**What the task requires:**
Print the data exactly as written, but leave out each picture.

**Extracted data:**
================================
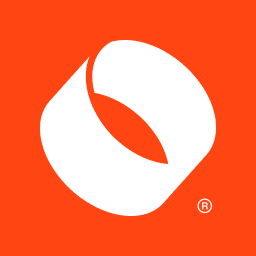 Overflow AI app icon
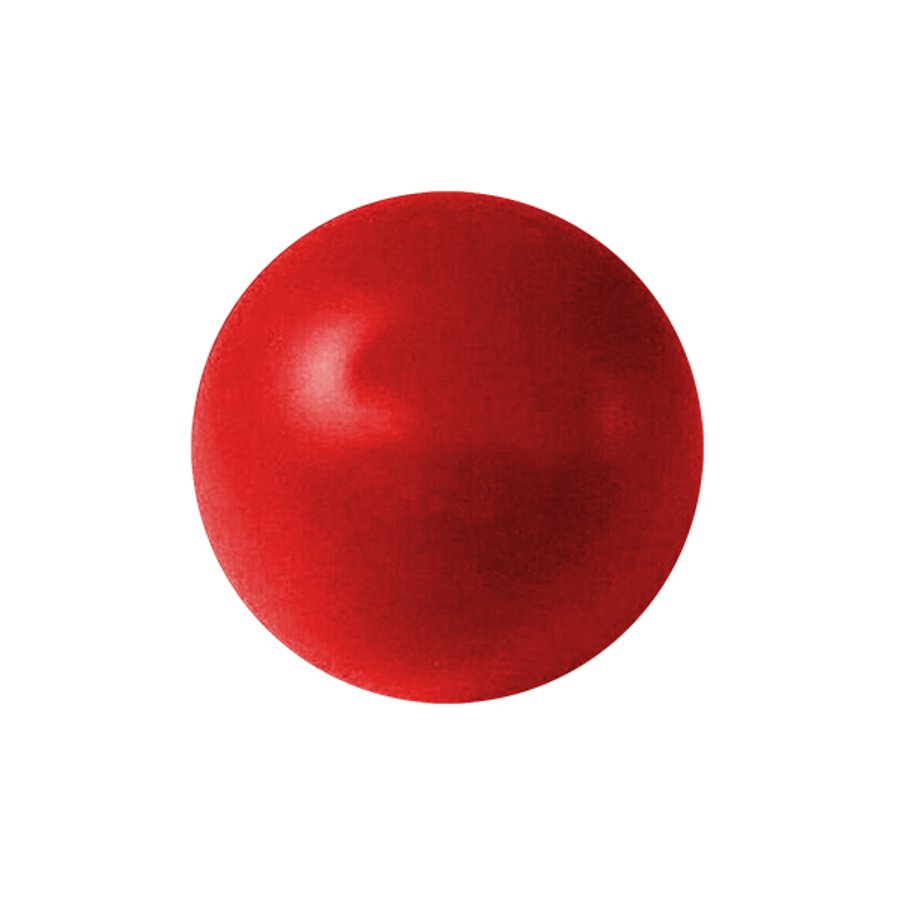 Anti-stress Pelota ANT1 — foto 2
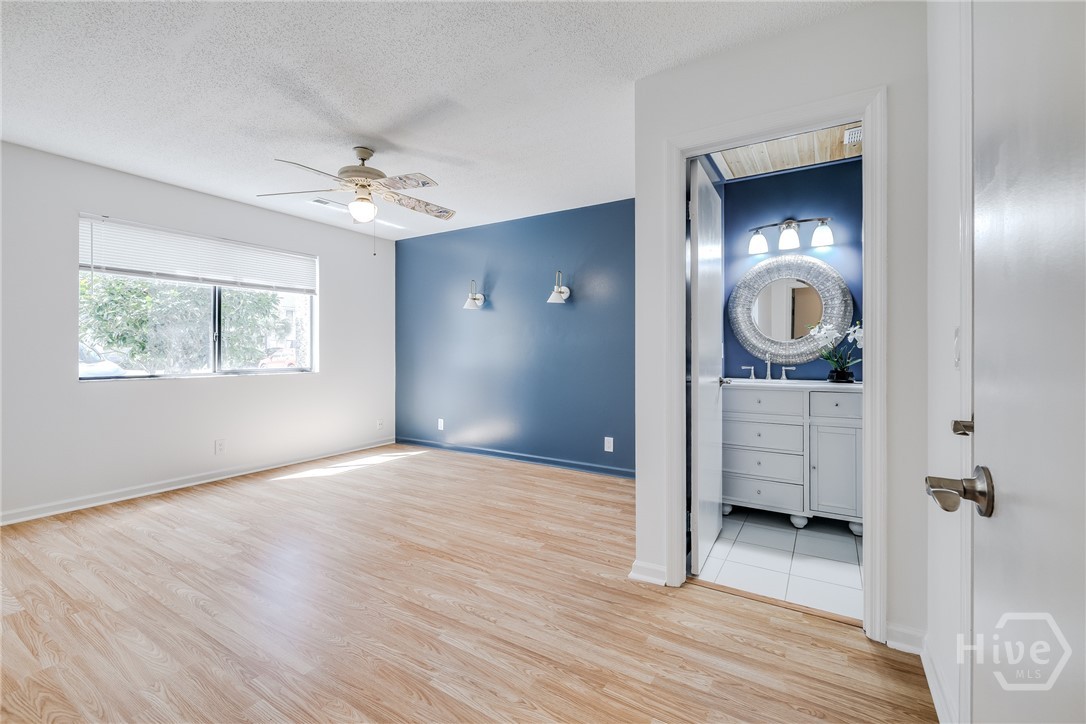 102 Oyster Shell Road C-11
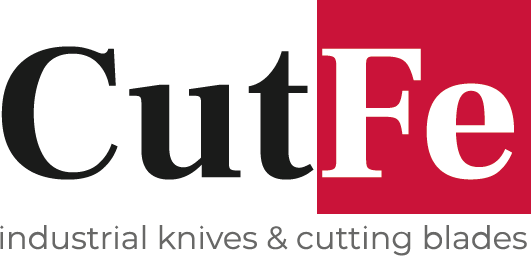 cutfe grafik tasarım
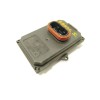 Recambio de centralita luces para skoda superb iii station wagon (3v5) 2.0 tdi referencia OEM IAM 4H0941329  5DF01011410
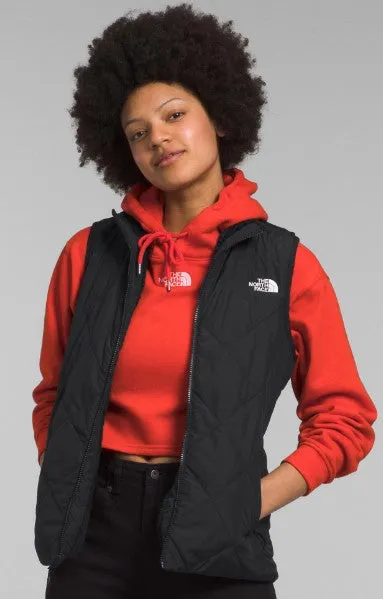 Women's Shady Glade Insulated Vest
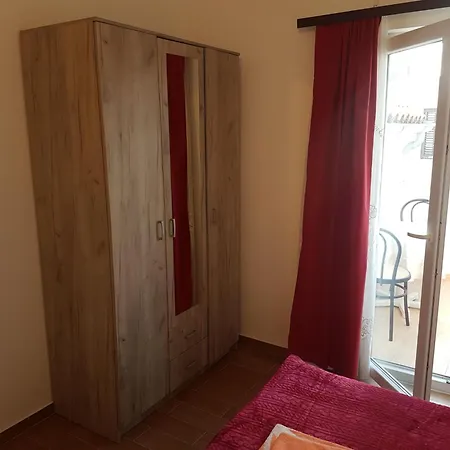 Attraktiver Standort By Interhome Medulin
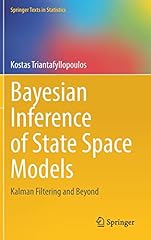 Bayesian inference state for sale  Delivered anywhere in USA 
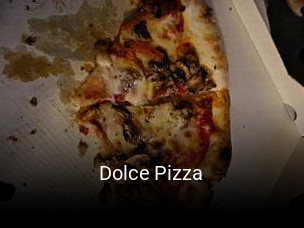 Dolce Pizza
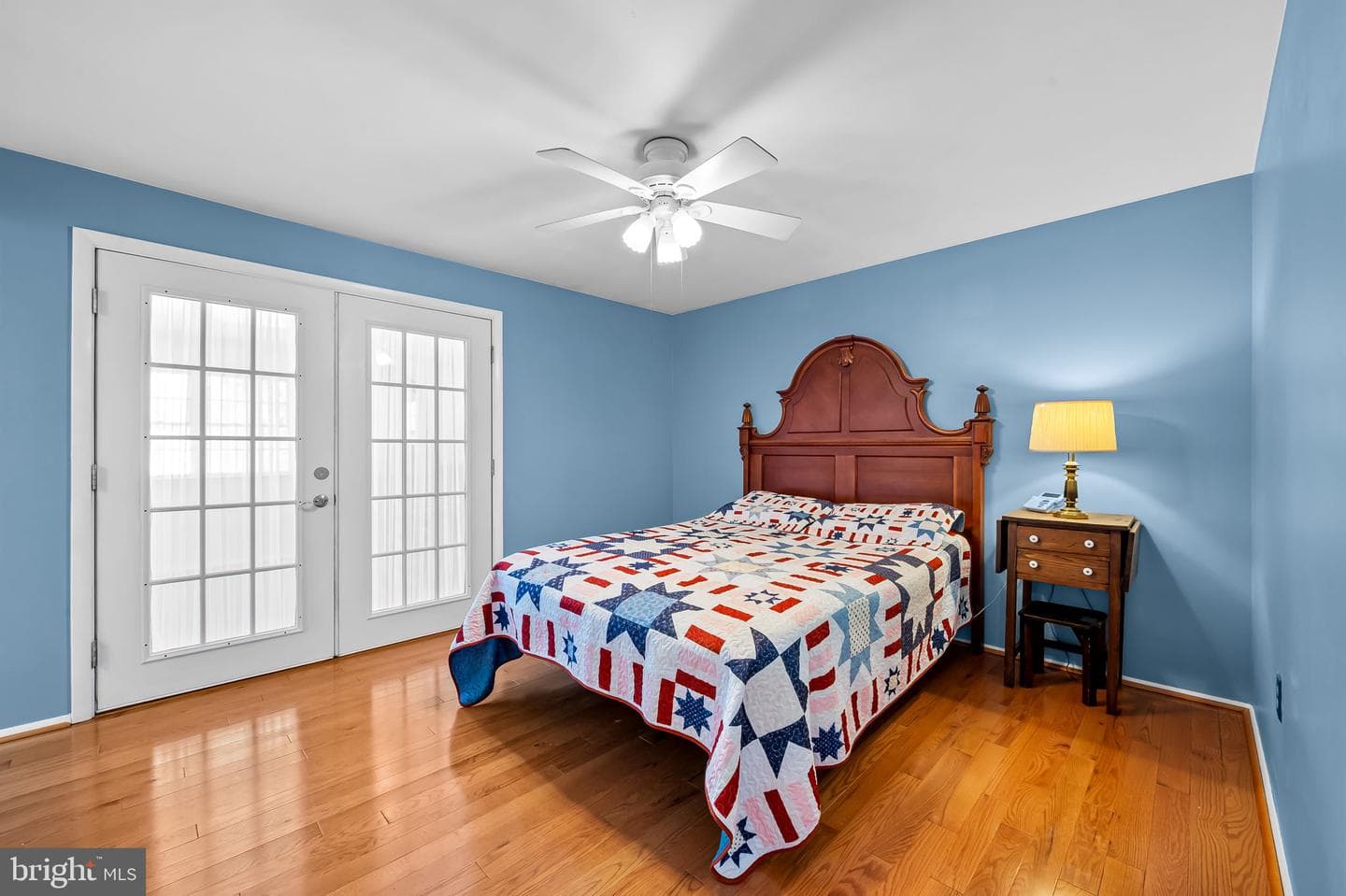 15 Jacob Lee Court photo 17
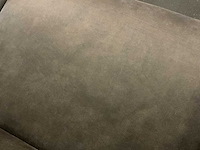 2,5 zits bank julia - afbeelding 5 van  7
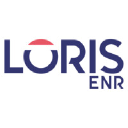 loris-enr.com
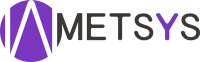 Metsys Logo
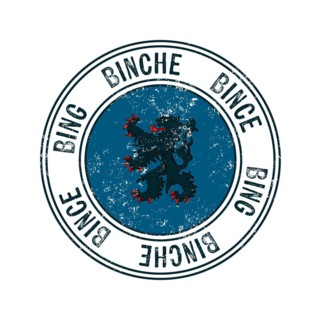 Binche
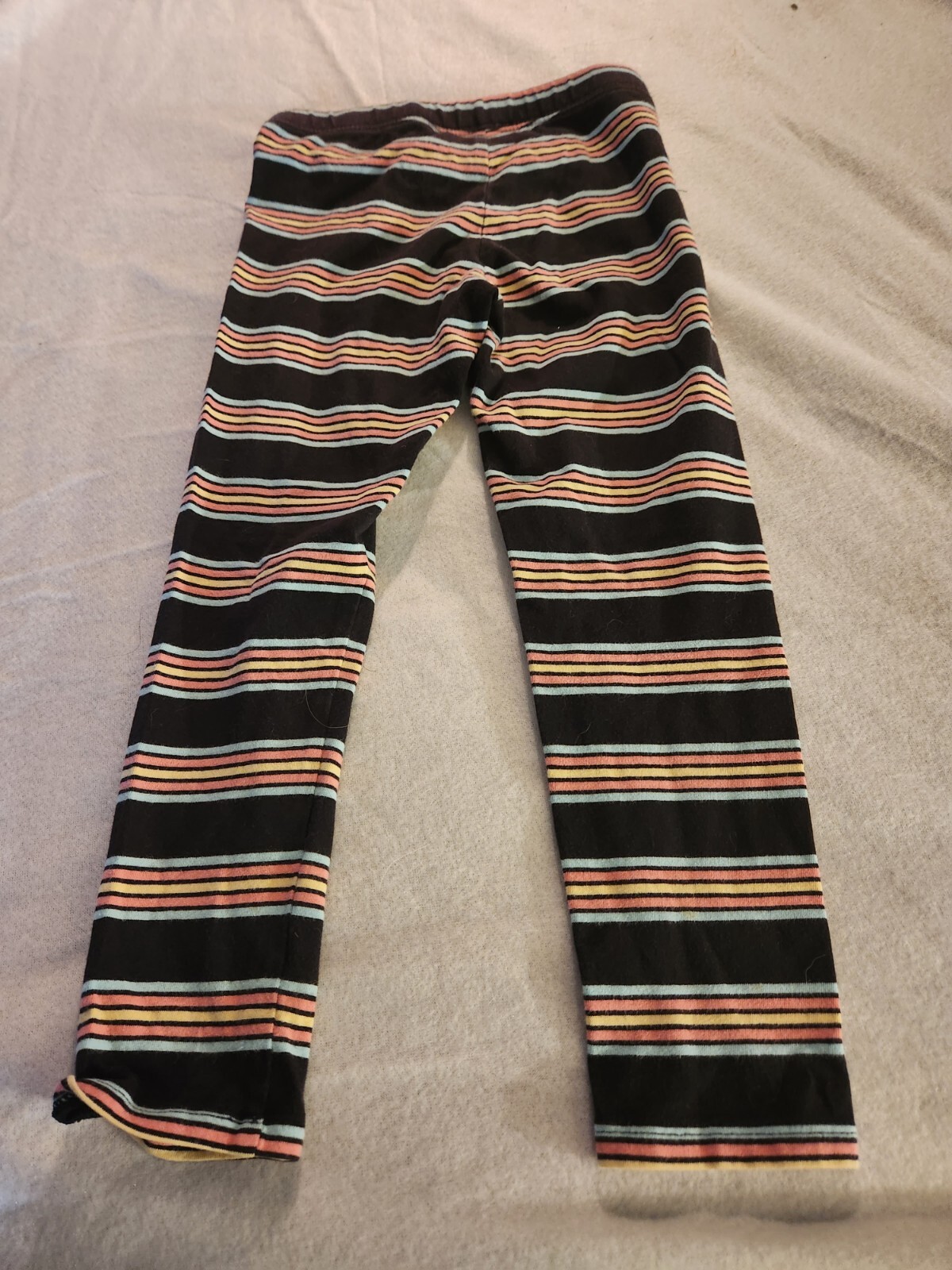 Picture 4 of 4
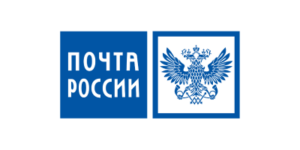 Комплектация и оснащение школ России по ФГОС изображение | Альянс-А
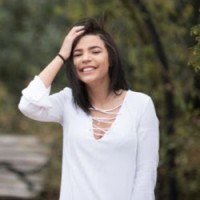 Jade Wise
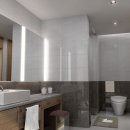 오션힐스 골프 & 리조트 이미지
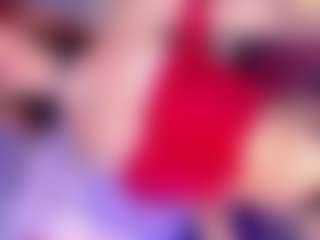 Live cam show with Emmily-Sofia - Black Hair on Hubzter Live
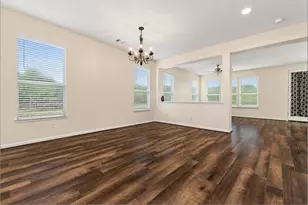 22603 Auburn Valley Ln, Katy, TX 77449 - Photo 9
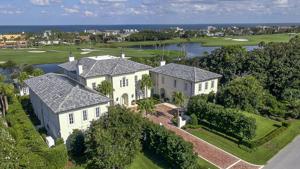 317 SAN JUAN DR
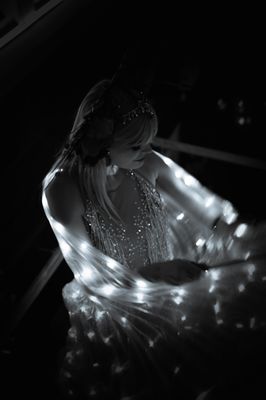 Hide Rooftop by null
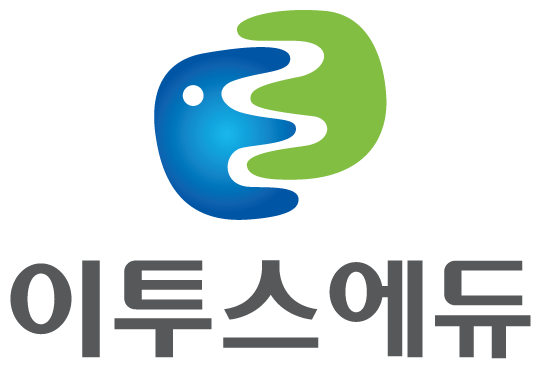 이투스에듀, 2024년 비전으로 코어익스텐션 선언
================================
**Answer to this problem:**
 Overflow AI app icon
 Anti-stress Pelota ANT1 — foto 2
 102 Oyster Shell Road C-11
 cutfe grafik tasarım
 Recambio de centralita luces para skoda superb iii station wagon (3v5) 2.0 tdi referencia OEM IAM 4H0941329  5DF01011410
 Women's Shady Glade Insulated Vest
 Attraktiver Standort By Interhome Medulin
 Bayesian inference state for sale  Delivered anywhere in USA 
 Dolce Pizza
 15 Jacob Lee Court photo 17
 2,5 zits bank julia - afbeelding 5 van  7
 loris-enr.com
 Metsys Logo
 Binche
 Picture 4 of 4
 Комплектация и оснащение школ России по ФГОС изображение | Альянс-А
 Jade Wise
 오션힐스 골프 & 리조트 이미지
 Live cam show with Emmily-Sofia - Black Hair on Hubzter Live
 22603 Auburn Valley Ln, Katy, TX 77449 - Photo 9
 317 SAN JUAN DR
 Hide Rooftop by null
 이투스에듀, 2024년 비전으로 코어익스텐션 선언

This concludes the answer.